When appraising a review, the reader needs to assess if an appropriate quality assessment tool has been used, whether the quality assessment was done in duplicate, and, if so, whether there was agreement between the investigators. Again, for useful examples in the setting of hematologic disease we encourage review of the Cochrane Library. For example, a systematic review on the use of immunoglobulin replacement in hematologic malignancies and hematopoietic stem cell transplantation18  assesses the quality of the studies on the basis of allocation concealment, allocation generation (randomization procedure), and masking. In the sensitivity analysis that compared studies fulfilling and not fulfilling these criteria they showed no difference in the result.

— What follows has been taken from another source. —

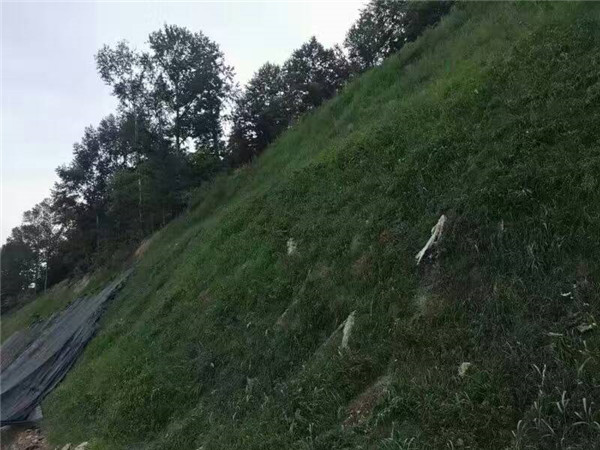 土质边坡护坡种什么草好，百喜草加白三叶混播配比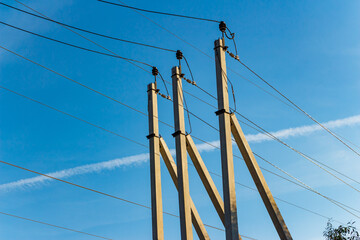 Three electric poles with wires attached to them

The data from the studies can then be extracted, usually onto prepared data case report forms. The data to be extracted should be carefully considered before the start of the review to avoid having to re-extract data that were missed on the initial data collection. Data extraction should ideally be done in duplicate to allow identification of transcription errors and to minimize any subjectivity that may occur when interpreting data that are presented in a different format than that required on the case report form.

If suitable, data from several studies can be statistically combined to give an overall result. Because this overall result reflects data from a larger number of participants than in the individual studies, the results are less likely to be affected by a type 2 error (failing to detect a “real” difference that exists between the 2 groups). One of the main criticisms of meta-analysis is that studies that are quite different can have their results combined inappropriately, and the result is not an accurate reflection of the “true” value. Therefore, before embarking on a meta-analysis, one must consider whether the difference between the studies (heterogeneity) precludes pooling of the data. Only studies with similar interventions, patients, and measures of outcomes should be combined. For example, 3 studies that all evaluate the efficacy of a new iron-chelating agent in patients with transfusion-related iron overload may be inappropriately combined if one study compared the iron chelator with placebo and measured hepatic iron content by liver biopsy at 1 year, the second study compared the new iron chelator with a different iron chelator and performed liver biopsy at 6 months, and the third study was an observational study in which patients receiving the new iron chelator underwent cardiac magnetic resonance imaging at the start of treatment and again at 1 year. Although all 3 studies are evaluating the efficacy of a novel iron chelator, the studies differ importantly. Because they differ in their design, comparator, timing of outcome measurement, and the method of outcome ascertainment combining, these data are inappropriate.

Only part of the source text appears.